Портреты актеров и других театральных знаменитостей варьируются от Елизаветы, от мелодраматических костюмов и лиц современников Шекспира до условных костюмов, округлого выражения эпохи Георгов, маскирующих силу воображаемого перевоплощения, вероятно, неизвестную во времена Шекспира. Эдвард Бербедж, подобно собственному портрету Шекспира, мы рискнем подумать, немного стоичен. Филд — Натаниэль Филд, автор «Рокового приданого» и актер с репутацией — в своем необычном костюме и с лицом, возможно, не совсем обнадеживающей тонкости, мог бы сойти за оригинал тех итальянских или итальянизированных сластолюбцев в грехе, которые радовали воображение эпохи Шекспира. Смешанные со многими поразительными, совершенно драматическими физиономиями, должно признаться, некоторые из этих портретов едва ли помогают объяснить силу игроков, которым они принадлежали. Это, возможно, то, чего мы могли бы естественно ожидать; тем более, в той мере, в какой драматическое искусство — это дело, в котором задействовано много очень тонких и косвенных каналов к симпатии людей. Эдвард Аллен, с портрета, хранящегося в его благородном фонде в Далвиче, подобно прекрасному Гольбейну, фигурирует, в смешанной силе и деликатности, как добродушная, или, возможно, веселая душа, находящая время для сентиментальности, — Прин (включенный, мы полагаем, в эту компанию, как череп на пиру) как приятный, если несколько меланхоличный молодой человек; в то время как Гаррик и его жена, играющие в карты, по Зоффани, представляют пару просто очень милых молодых людей.

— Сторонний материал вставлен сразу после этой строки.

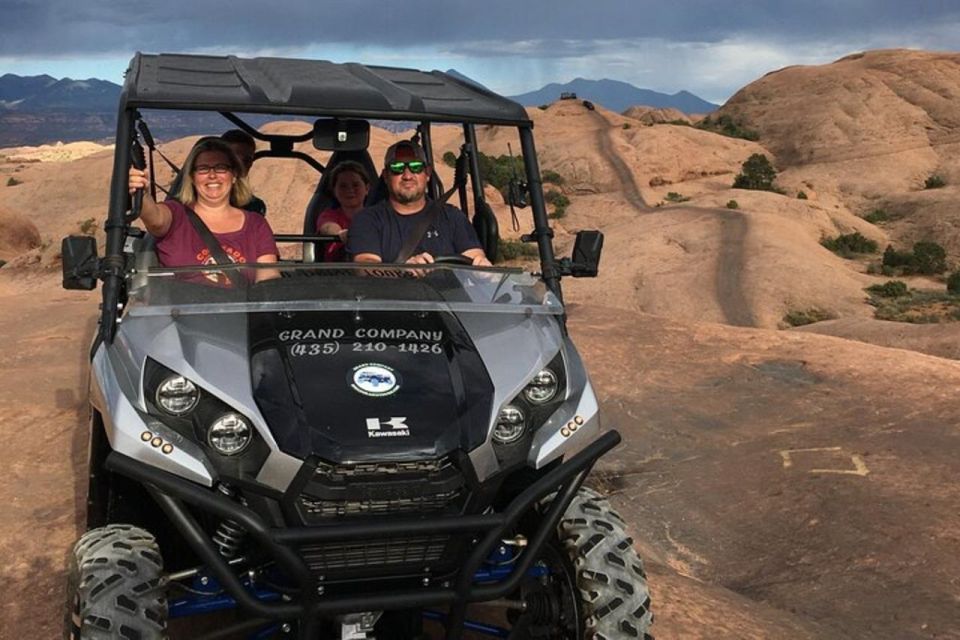 Moab: You Drive-Guided Hells Revenge UTV Tour - Key Points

С другой стороны, концовки, главным образом посвященные Гаррику, доказывают, какое удивительное естественное разнообразие было в душе Гаррика, и стоят сравнительного изучения. Заметно снова, среди полностраничных портретов, совершенно обнадеживающее лицо Стила, необычайно прекрасные головы Джона, Чарльза и Фанни Кембл, в то время как, безусловно, простое, сжатое лицо Уильяма Давенанта напоминает Чарльза Кина и могло бы вполне осветиться, как и его, когда в него входила душа, силой и очарованием, как уверяют нас говорящие глаза даже в его покое.